ViTD2PC24All: Fine-Tuned Vision Transformer Model

• ViTD2PC24All is a fine-tuned Vision Transformer tailored for zero-shot, multi-species plant identification using a 24-layer ViT backbone and 14×14 patch embeddings.
• The model employs a tile-based inference strategy with patch partitioning and Bayesian reweighting based on unsupervised visual clustering to enhance prediction accuracy.
• Achieving a macro-F1 score of 0.348 in PlantCLEF 2025, the pipeline demonstrates robust domain-prior adaptation without relying on labeled fine-tuning of the evaluation split.

ViTD2PC24All is a fine-tuned variant of the Vision Transformer architecture, specifically adapted for zero-shot, multi-species plant identification in high-resolution quadrat imagery. Employed by DS@GT in the PlantCLEF 2025 challenge, the pipeline integrates a 24-layer ViT backbone, a tile-based patch inference mechanism, and domain-prior adaptation via unsupervised visual clustering. This model and its inference strategy achieved second place in the PlantCLEF 2025 challenge with a macro-averaged F1 of 0.348 on the private leaderboard, relying entirely on the pre-trained network and Bayesian adaptation from test-set statistics, without any labeled fine-tuning on the evaluation split (Gustineli et al., 8 Jul 2025).
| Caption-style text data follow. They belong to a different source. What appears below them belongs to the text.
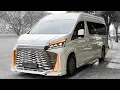 Lagu NEW TOYOTA HIACE VIP First-Class Luxury VAN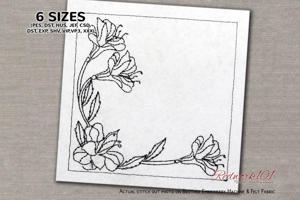 Lovely Peruvian Lily Flower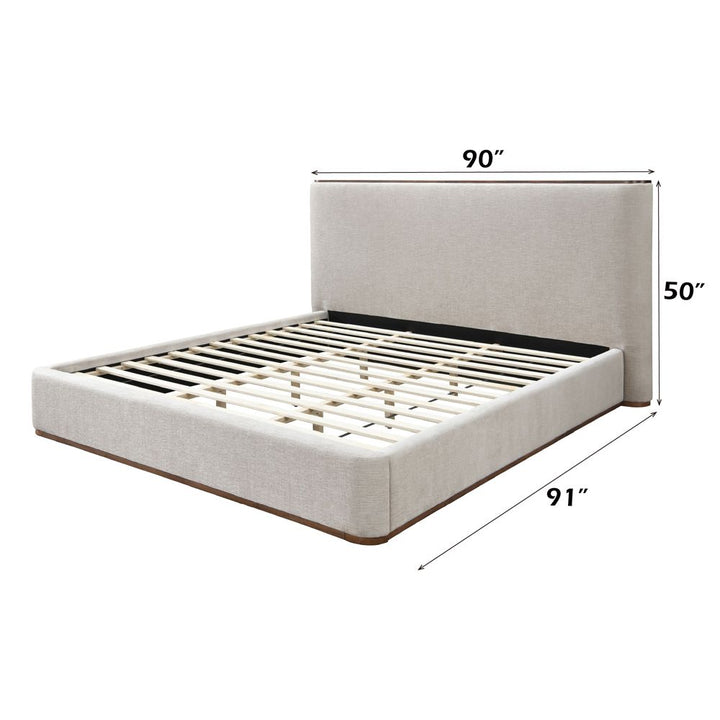Orane Eastern King Bed – dimensions diagram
1. Model Architecture and Fine-Tuning Protocol

The ViTD2PC24All pipeline is built upon the “timm/vit_large_patch14_dinov2.lvd142m” Vision Transformer, comprising 24 transformer encoder layers (depth = 24), a hidden dimension $d=1024$, and $h=16$ attention heads (per-head dimension 64). The feed-forward block, or MLP, has size $4d=4096$. The image is partitioned into $14\times14$ pixel patches, yielding $N_p=37^2=1,369$ patches per $518\times518$ pixel input.

Patch embeddings use a learnable matrix $E \in \mathbb{R}^{(14\cdot14\cdot3)\times d}$, and a learnable [CLS] token is appended with 1D position embeddings $E_\text{pos} \in \mathbb{R}^{(N_p+1)\times d}$. The resulting token matrix is processed by the transformer stack, and the output [CLS] vector $z_{24}[0]$ is dispatched to the classifier head.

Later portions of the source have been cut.